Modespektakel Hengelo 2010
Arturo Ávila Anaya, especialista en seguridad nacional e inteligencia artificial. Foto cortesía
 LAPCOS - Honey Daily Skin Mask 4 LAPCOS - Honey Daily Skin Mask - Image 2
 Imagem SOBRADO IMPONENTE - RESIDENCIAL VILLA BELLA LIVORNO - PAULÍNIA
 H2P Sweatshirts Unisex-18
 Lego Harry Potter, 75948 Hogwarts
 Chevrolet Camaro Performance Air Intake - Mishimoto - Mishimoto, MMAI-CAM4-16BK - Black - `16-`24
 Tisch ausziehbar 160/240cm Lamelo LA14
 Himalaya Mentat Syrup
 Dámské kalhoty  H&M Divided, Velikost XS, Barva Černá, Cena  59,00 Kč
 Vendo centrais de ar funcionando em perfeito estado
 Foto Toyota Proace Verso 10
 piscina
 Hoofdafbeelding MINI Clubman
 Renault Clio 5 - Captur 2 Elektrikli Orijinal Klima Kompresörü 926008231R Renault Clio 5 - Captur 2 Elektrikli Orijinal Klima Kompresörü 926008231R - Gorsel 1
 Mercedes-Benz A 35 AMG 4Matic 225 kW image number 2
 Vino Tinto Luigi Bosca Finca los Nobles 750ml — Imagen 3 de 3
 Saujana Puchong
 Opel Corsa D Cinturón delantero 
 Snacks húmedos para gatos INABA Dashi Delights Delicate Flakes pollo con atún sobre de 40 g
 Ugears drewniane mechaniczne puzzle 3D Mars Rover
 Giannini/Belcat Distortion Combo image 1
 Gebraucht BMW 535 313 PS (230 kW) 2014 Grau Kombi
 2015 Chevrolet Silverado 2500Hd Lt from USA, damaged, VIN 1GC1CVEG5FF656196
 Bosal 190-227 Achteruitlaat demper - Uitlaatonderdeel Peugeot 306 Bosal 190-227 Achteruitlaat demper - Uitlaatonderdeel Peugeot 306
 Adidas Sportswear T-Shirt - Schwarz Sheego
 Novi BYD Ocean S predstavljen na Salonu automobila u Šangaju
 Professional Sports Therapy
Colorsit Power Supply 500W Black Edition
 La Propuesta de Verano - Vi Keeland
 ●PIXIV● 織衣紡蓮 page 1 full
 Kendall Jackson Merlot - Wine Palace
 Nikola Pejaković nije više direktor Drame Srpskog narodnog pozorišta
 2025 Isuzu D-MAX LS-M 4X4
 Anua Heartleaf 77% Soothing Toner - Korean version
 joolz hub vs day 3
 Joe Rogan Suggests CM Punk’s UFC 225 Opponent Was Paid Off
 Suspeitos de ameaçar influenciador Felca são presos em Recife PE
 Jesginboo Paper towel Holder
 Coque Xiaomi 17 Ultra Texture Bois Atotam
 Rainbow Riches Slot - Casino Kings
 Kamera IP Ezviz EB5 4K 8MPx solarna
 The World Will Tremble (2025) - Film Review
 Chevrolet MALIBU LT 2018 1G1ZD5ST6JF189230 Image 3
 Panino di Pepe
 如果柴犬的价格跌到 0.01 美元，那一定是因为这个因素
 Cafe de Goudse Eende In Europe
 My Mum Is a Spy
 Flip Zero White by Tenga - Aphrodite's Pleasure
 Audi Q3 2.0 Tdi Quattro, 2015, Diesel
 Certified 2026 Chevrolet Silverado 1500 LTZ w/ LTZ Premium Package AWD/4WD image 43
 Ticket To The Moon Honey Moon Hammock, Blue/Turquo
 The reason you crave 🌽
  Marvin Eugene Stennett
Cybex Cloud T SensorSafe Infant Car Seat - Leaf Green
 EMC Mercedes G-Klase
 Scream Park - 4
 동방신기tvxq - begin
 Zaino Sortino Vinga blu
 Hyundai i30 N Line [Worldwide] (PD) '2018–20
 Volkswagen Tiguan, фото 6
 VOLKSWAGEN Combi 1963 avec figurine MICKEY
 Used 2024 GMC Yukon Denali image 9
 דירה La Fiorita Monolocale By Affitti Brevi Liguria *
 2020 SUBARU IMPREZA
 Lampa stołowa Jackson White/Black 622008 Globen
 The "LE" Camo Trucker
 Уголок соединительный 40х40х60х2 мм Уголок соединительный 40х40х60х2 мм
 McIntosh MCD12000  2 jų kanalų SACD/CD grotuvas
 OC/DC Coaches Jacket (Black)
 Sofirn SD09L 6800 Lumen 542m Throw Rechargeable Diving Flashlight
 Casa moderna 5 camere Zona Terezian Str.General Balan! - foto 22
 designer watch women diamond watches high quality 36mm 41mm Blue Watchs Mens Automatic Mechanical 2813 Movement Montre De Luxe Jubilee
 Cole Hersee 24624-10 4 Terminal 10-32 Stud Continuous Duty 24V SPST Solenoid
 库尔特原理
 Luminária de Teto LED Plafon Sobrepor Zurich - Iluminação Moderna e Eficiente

______

▸ TASK DETAILS: Lines after the one containing "Mercedes-Benz A 35" are not wanted; repeat exactly each line above from the first up to and including it.

▸ WORKED SOLUTION:
Modespektakel Hengelo 2010
Arturo Ávila Anaya, especialista en seguridad nacional e inteligencia artificial. Foto cortesía
 LAPCOS - Honey Daily Skin Mask 4 LAPCOS - Honey Daily Skin Mask - Image 2
 Imagem SOBRADO IMPONENTE - RESIDENCIAL VILLA BELLA LIVORNO - PAULÍNIA
 H2P Sweatshirts Unisex-18
 Lego Harry Potter, 75948 Hogwarts
 Chevrolet Camaro Performance Air Intake - Mishimoto - Mishimoto, MMAI-CAM4-16BK - Black - `16-`24
 Tisch ausziehbar 160/240cm Lamelo LA14
 Himalaya Mentat Syrup
 Dámské kalhoty  H&M Divided, Velikost XS, Barva Černá, Cena  59,00 Kč
 Vendo centrais de ar funcionando em perfeito estado
 Foto Toyota Proace Verso 10
 piscina
 Hoofdafbeelding MINI Clubman
 Renault Clio 5 - Captur 2 Elektrikli Orijinal Klima Kompresörü 926008231R Renault Clio 5 - Captur 2 Elektrikli Orijinal Klima Kompresörü 926008231R - Gorsel 1
 Mercedes-Benz A 35 AMG 4Matic 225 kW image number 2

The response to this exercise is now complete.